A Simpler Time

“Life seemed to be a lot simpler then.”

-My Grandfather

The year is 1953. As the final sonata is played for the Korean War, lucky families are listening to the first transistor radios. Puerto Rico becomes a self-governing commonwealth of the United States. And in their hometown in upstate New York, my grandfather and grandmother marry and begin their life as a family. sony_transitor_radio

Life was different, as life tends to be, in years or decades past. Growing up in the Great Depression, my grandfather was lucky when there was a nickel for milk at school. He and his peers grew up to fight in the wars, marry young and promise their children an better life.

“In those days, people got married a lot younger than they do today,” my grandpa wrote me. “At 23, I was the proud father of a beautiful baby girl named Cindy.” And the same year my mother was born, my grandfather started his job as a printer at the local newspaper, a job which he held faithfully for over 38 years.
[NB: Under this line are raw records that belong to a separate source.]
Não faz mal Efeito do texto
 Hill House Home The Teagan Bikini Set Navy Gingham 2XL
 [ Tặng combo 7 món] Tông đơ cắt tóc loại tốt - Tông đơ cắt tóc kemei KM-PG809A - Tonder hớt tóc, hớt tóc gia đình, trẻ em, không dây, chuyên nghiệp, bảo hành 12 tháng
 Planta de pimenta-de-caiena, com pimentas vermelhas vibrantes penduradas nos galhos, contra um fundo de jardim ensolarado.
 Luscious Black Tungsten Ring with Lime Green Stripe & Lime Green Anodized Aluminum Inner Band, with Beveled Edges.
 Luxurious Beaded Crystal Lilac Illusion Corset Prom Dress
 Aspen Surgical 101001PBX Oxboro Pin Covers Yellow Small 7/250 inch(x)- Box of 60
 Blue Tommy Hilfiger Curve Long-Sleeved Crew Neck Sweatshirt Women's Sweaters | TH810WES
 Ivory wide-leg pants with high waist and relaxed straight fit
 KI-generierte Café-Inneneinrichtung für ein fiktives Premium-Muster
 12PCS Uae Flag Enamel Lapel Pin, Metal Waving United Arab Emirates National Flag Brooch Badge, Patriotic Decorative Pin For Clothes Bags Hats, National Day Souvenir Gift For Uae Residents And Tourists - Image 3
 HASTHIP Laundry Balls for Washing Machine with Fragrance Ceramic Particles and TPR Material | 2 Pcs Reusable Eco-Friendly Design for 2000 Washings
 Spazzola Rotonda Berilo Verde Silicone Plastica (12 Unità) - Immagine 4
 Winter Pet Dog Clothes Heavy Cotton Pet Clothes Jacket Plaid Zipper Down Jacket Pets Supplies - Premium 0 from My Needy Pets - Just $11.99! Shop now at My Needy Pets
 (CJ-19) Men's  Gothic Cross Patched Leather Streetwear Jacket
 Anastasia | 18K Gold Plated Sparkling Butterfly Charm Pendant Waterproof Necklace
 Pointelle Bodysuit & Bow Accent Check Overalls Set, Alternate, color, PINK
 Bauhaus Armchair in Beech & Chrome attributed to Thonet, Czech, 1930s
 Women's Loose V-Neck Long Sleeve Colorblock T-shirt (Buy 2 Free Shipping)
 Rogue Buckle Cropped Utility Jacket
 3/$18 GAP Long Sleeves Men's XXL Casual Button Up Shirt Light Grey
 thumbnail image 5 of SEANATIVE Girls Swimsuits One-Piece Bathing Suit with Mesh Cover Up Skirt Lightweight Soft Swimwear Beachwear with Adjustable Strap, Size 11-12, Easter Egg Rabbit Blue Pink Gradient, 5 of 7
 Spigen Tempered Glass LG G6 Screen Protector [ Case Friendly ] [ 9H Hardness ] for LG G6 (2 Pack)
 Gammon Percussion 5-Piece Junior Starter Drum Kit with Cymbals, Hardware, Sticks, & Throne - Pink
Life seemed a lot simpler then.

The year is now 2016. I look around at my own life and try to draw parallels back to my grandfather’s journey. I compare trajectories of the working young adult, level of education and current marital status. Working?  Some of my peers, these so called millennials, have worked for almost as many companies as numbers of years spend out of college. My “career path” alone spans two states and four companies in as many years. Married? Most of my friends do not boast a ring on their finger and I’m three years older than my grandfather when my mother came into the world. save-the-date-logo

 We rely on fast promotions in lieu of job security and promised pensions. The idea of company loyalty is a myth of the past, akin to horse drawn carriages and the neighborhood milkman. Then there’s love. If we don’t find a partner in high school, undergraduate studies, or graduate classes, we often resort to online dating. In her book All the Single Ladies, Rebecca Traister describes the increasing marrying age for woman in the United States. Currently, the average age for a woman getting married is 27, up from 23 in 1990. And that’s if they marry at all. Suddenly, the marriage conversation has shifted from WHEN to IF. Even with a steady boyfriend, my answer to marriage is still a big…maybe. The world of jobs and love has rebranded itself; the rule book from my grandfather’s generation was tossed aside years ago. 293892_4013625783339_1407785132_n

I will be attending two weddings this summer, making a grand total of four since I graduated from college. I truly believe these wonderful young men and women have made heartfelt commitments of love with open eyes and caring hearts. But the vast majority of my friends are still unwed and plan to remain that way long past the now “average” age of 27. Brides are no longer 18 or 19 fresh out of high school but 29 and 30 ready to have children and begin a joined life in matrimony.

I wonder what my grandfather’s generation would say in comparison to their own lives: joys and disappointments, opportunities and setbacks. As I struggle to find similarities between my reality and this simpler time I can’t help but ask,

What have we lost? What will we gain?

That is the Question?

As children, we question everything. “Why is the sky blue?” “What’s in this soup?” “Where do dead things go?” It is our way of examining the world with our tiny magnifying glasses of innocence and wonder. To me, asking questions was an effortless and necessary part of figuring out people, objects, and my pet cat Charlie to which I was allergic.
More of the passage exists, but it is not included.